In this cell of unknowns, only the dagger stood out. It swung from hand to hand, side to side. Words accompanied each movement, but the roar of panic obscured them.
All but the dagger ceased to exist.
I received this historical fiction or Regency mystery book from Netgalley and Swoon Reads in exchange for an honest review. As always, I appreciate the chance to read!
The Hummingbird Dagger
by Cindy Anstey
Published Date: April 2019
Read Date: April 2019
Format: ebook ARC
Genre: Historical Fiction, Mystery, YA?
Rating: 2/5 Moose
Lord James Ellerby stumbles across a horrific carriage accident, the worst of which includes an injured young woman. While she does survive, everyone quickly realizes she cannot remember anything of her past. Choosing to go by “Beth,” the woman is graciously brought into the Ellerby home, where mysterious accidents and deaths keep occurring that lead her to think she might be somehow responsible.
“Beth Dobbins” – The young woman who has lost her memory after a carriage accident. She is now plagued by nightmares and potentially men out for her death.
James Ellerby – Recently new Lord of the family, shortly after his father’s passed. Oldest Ellerby sibling
Caroline Ellerby – Middle Ellerby sibling, she takes Beth in as a companion until they can figure out what she is running from, if anything.
Walter Ellerby – Youngest Ellerby sibling, who also caused the carriage accident.
Dr. Brant – Physician friend of the family, set on helping Beth figure out her memories.
Rants, Raves, and Thoughts
Okay. I’ll be honest, I was incredibly torn about writing this review. I don’t really want to focus on negative books, and honestly, if this book hadn’t been an ARC, I probably wouldn’t have finished it. So I am going to get all my negativity out first, then talk about some of the things I liked.
I think my enjoyment of the book truly suffered because of the format of the ebook. There are so many leaps around from character to character, time changes (it’ll be night and immediately breakfast?) that made the writing seem incredibly choppy and confusing, especially as the person the book follows shifts. That being said, I did pull out a hardback copy at B&N on Monday (even though this book was released on Tuesday?) and took a look – there are markings in between to show the break in shifts. I am incredibly glad I figured this out before the climax of the book, as it is incredibly difficult to read in the ebook ARC I have. None of that is the author’s fault, but it does make me wonder if it can be seen as good writing if I have to reread several passages to get the time/character/whatever shift.
My second issue with the book came from the characters. None of them are interesting to me. We are told that there is a romantic relationship between James and “Beth,” but it felt incredibly forced. In fact, I think the romances that aren’t confirmed – does Walter also have a crush on Beth? Is there something going on between Caroline and Brant? were more fascinating to me as we aren’t specifically told anything, but rather are left to wonder.
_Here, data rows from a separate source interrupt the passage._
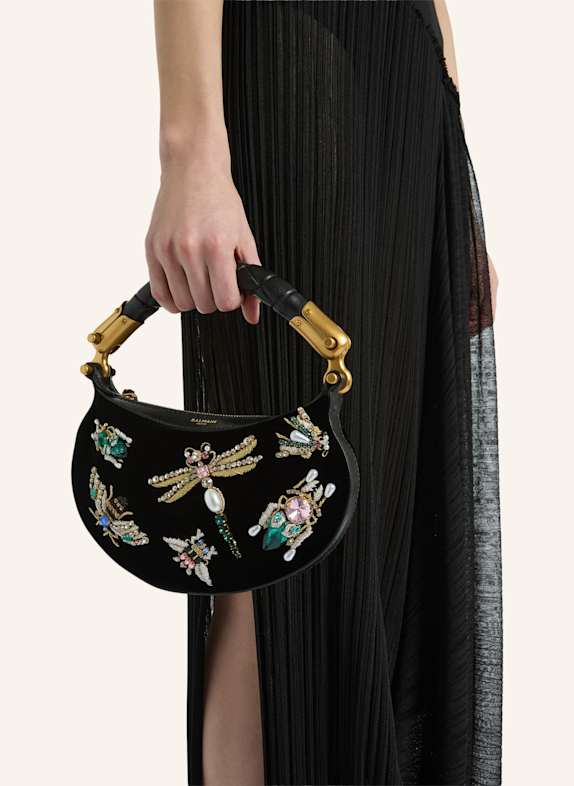 BALMAIN Ebene Insect Mini-Tasche aus besticktem Samt SCHWARZ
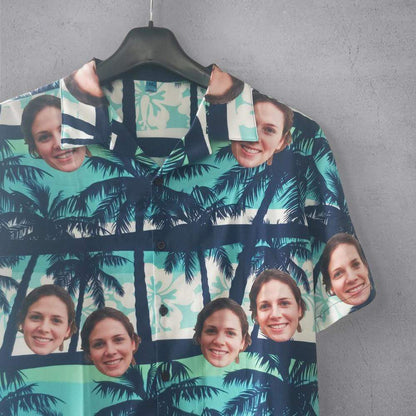 Custom Photo Hawaiian Shirts Photo Coconut Tree Unisex &amp; Teenage Hawaiian Shirt Face Shirt Birthday Gift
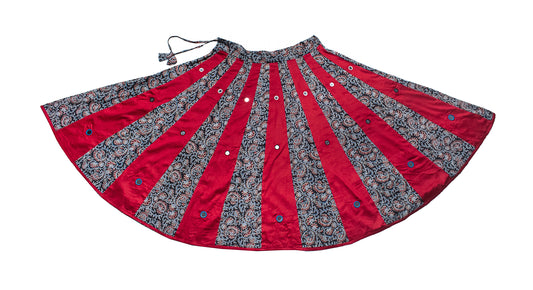 Plain Dyeing Cotton Half Ajrakh Mirror Work Garba Skirt  - 6 Mtr Flare (Gher)    -  SKU : RD08701A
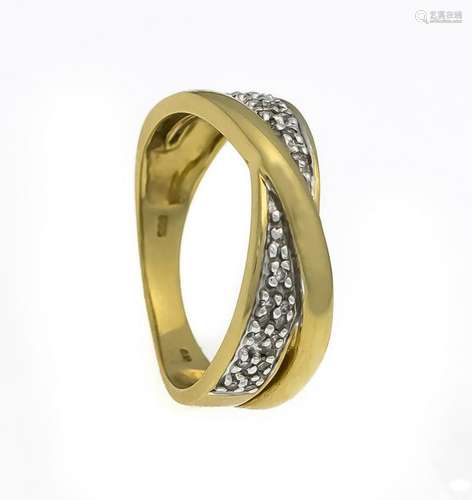 Diamond ring GG 585/000 with 18 diamonds, RG 58, 4.5 g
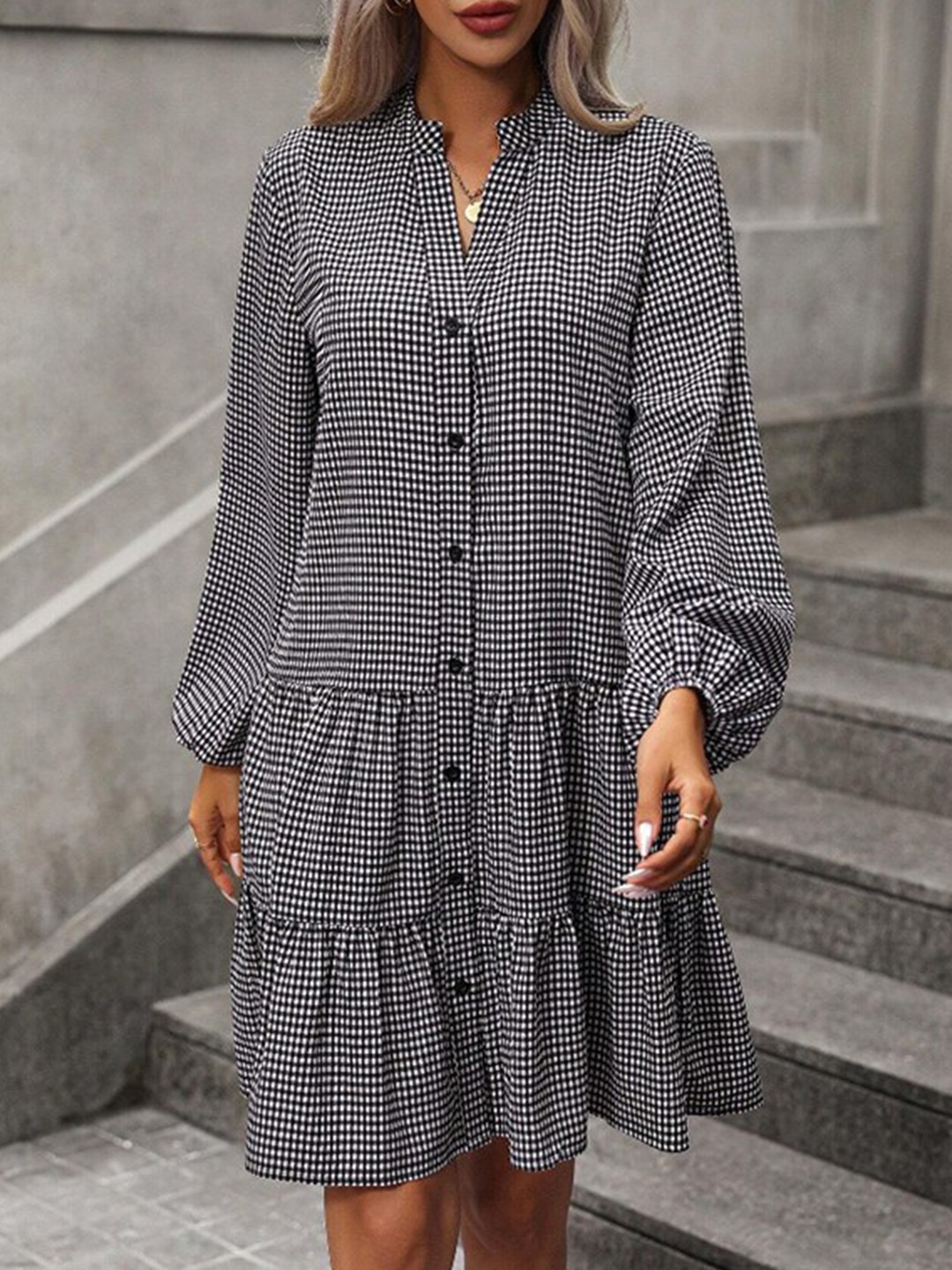 

StyleCast Black Checked Mandarin Collar Puff Sleeves Shirt Dress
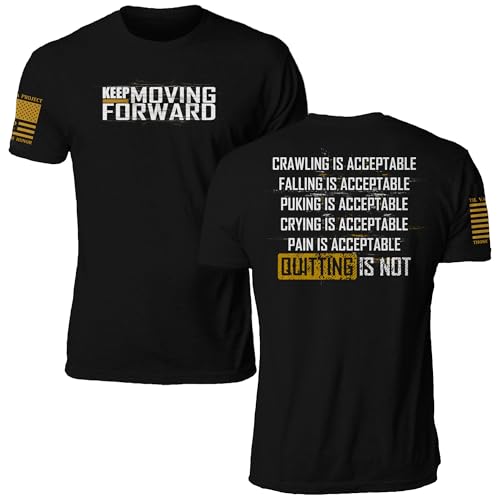 Til Valhalla Project Keep Moving Forward Graphic T-Shirt, Veteranenbesitz und betrieben, mit Stolz gedruckt in den USA, Keep Moving Forward, L von Til Valhalla Project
Another instance is when a character, a maid, dies early on in the first half of the book. The death shakes up Beth, but honestly – if she didn’t have the same name as a Downton Abbey character I love, I don’t know if I would have remembered her. There is no build up of their relationship to warrant the sadness we are supposed to feel. No, overall the only character I had any interest in was Walter, and even that was fleeting at best (he is brutally underutilized and under developed, which is saying a LOT considering his role in the book.)
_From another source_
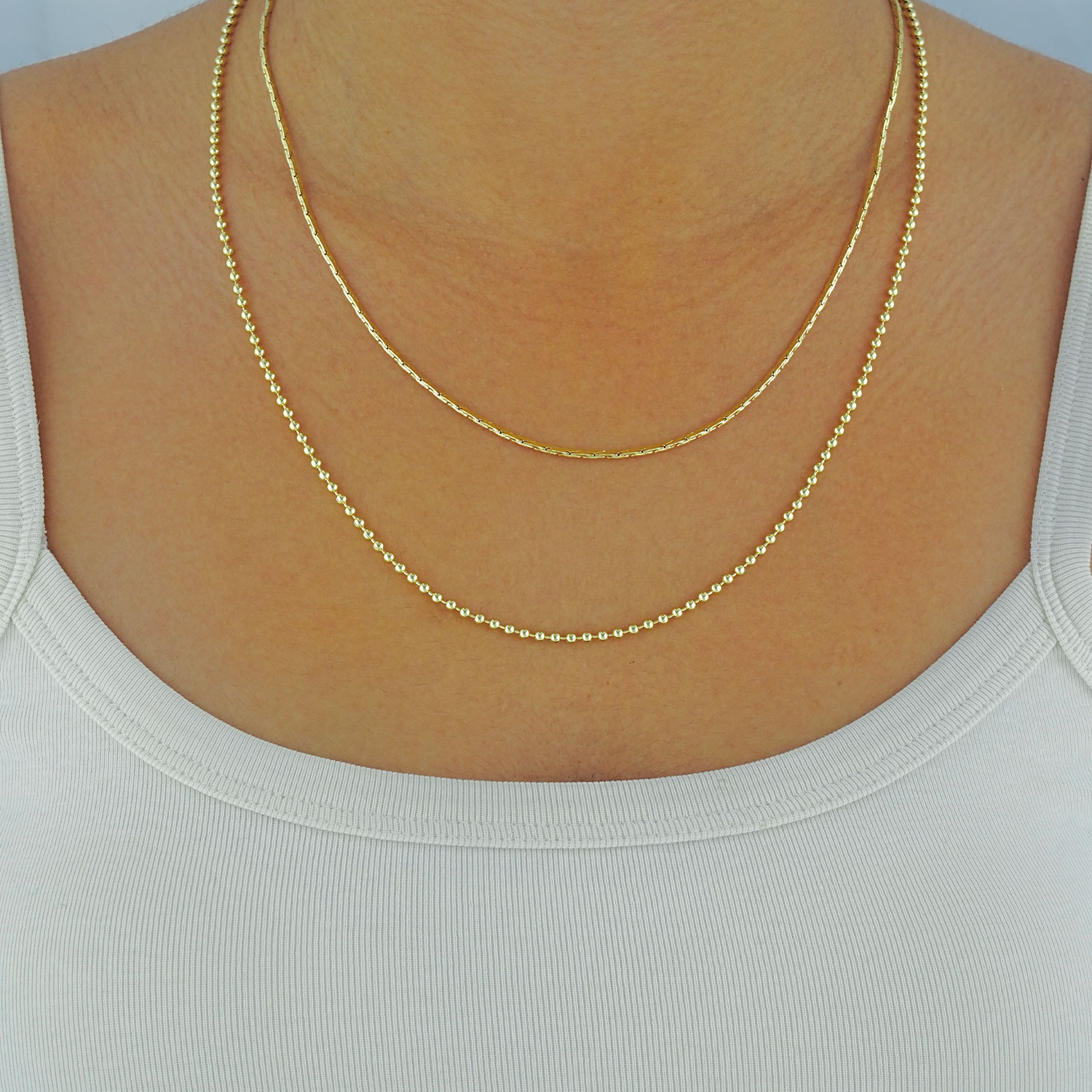 Maral 14 ayar altın rengi mini taneli kolye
I don’t read a ton of historical fiction, and I do expect inaccuracies. However, this book took me out of the time period too much. The book takes place in 1833, which is just outside the Regency era but not quite in the Victorian era. And yet at one point, the physician uses a word from the late 1800s?
Miss Caroline or Lord Ellerby certainly would. There would be a brouhaha – a loud…terrible brouhaha.
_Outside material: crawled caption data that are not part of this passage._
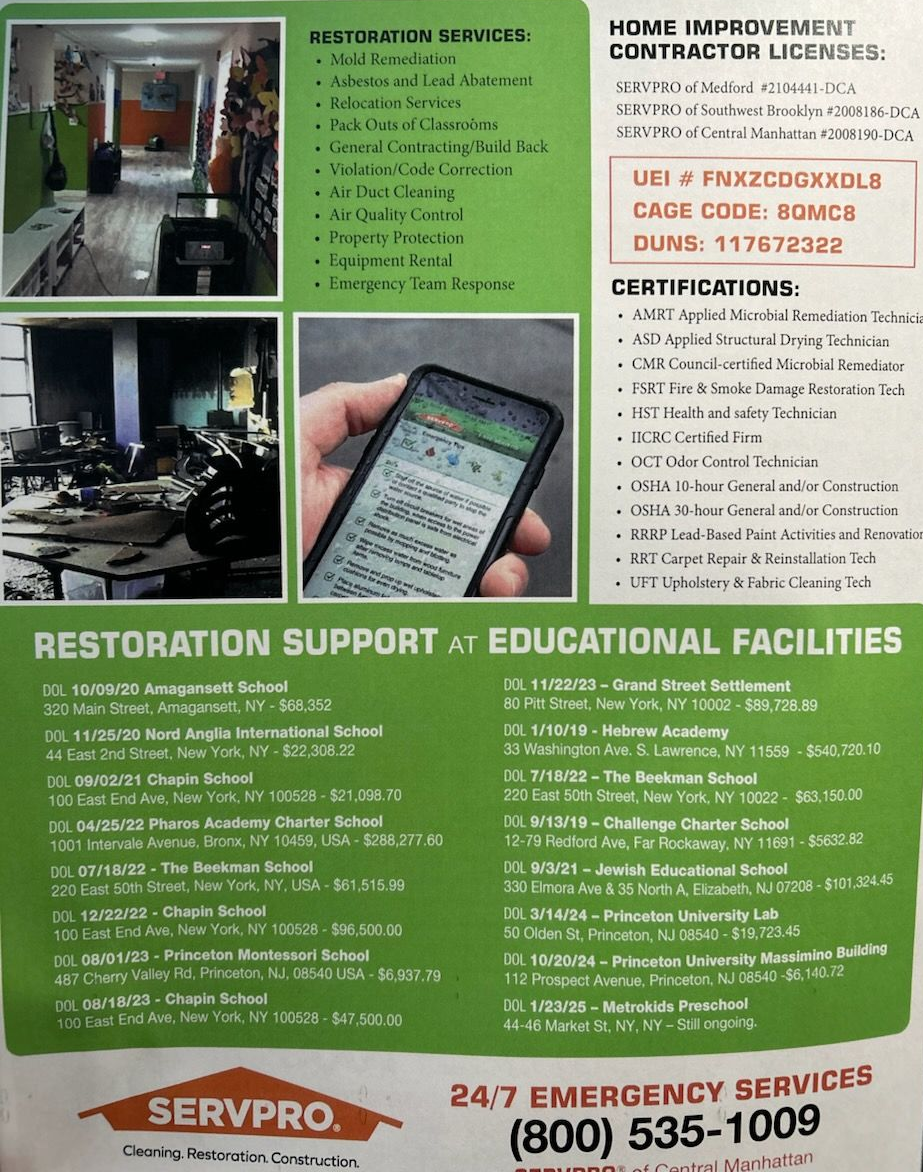 Advertisement for SERVPRO restoration services, listing certifications and support services.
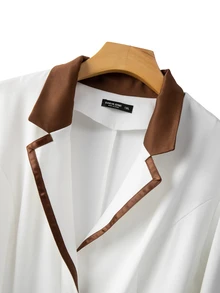 Formidée Plus Size Women White Elegant Formal Bachelorette Party Fall Winter Long Sleeve Blazer Jacket, Minimalist Two Pieces Set, Commute Solid Color - Multicolor - View 5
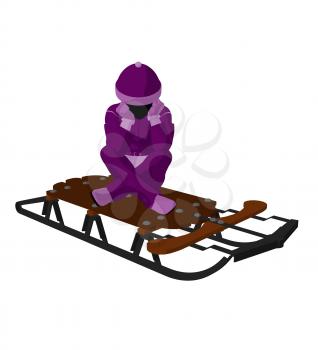Royalty Free Clipart Image of a Girl and a Sled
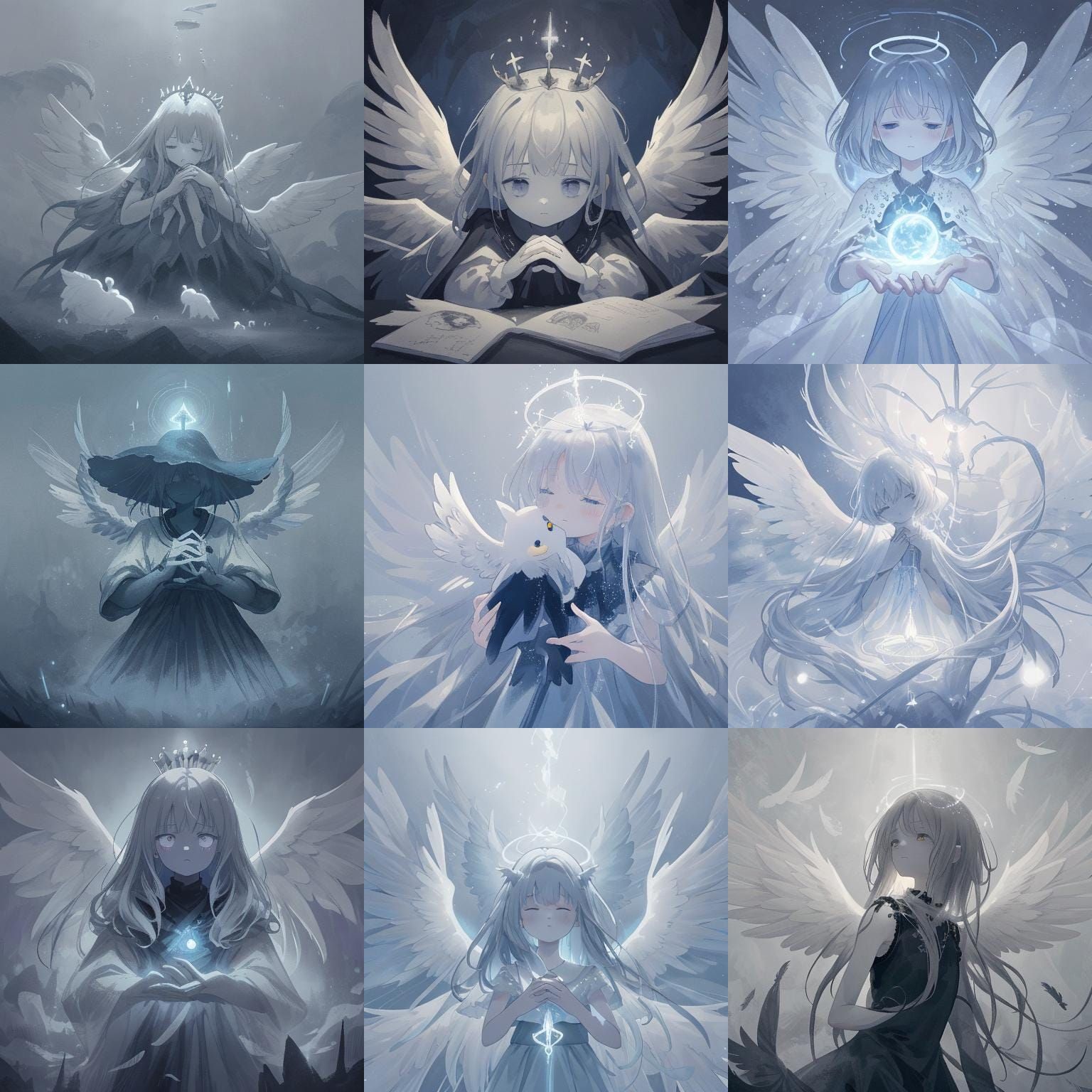 Floating Blue Hands Holding Spiked Halo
And men and women just wonder in and out of each other’s bedrooms or just hang out without a chaperone? It’s too much for me.
The first night, her screams brought Lord Ellerby bursting through the door [of her bedroom]. He glanced around the room as if he expected monsters to be hiding in the shadows.
He literally went into her bedroom. At one point Walter is just chilling in her bedroom “keeping her company” while she stays in the servant’s quarters – so not while she’s in a sitting room. She’s in bed. This…would cause scandal. Which sometimes they seem to care about? At the most random times?
The mystery is decent, and would have been a pleasant read had the characters had more shape or details. There are some moments I do thoroughly enjoy — a man comes claiming Beth is his sister and won’t take no for an answer, for example. But the action scenes are short and over burden with conversation and TALKING about what happened. I did figure out most of it fairly early on, but that is common for me. I can see how readers will enjoy the climax of the story, and I did tear up a few times towards the end.
If I am being honest, I was blinded by my love of this cover. It is gorgeous, and for some reason spoke to me of a woman who …would fight Jack the Ripper. It wasn’t the book I ended up reading, and part of that is very much my fault.
If you like your mystery books light on action but heavy on conversation, give it a try! Maybe a bigger fan of Regency era historical fiction books will enjoy this, and maybe I am being a bit too persnickety with my feelings. If you’ve read the book, I would love your thoughts!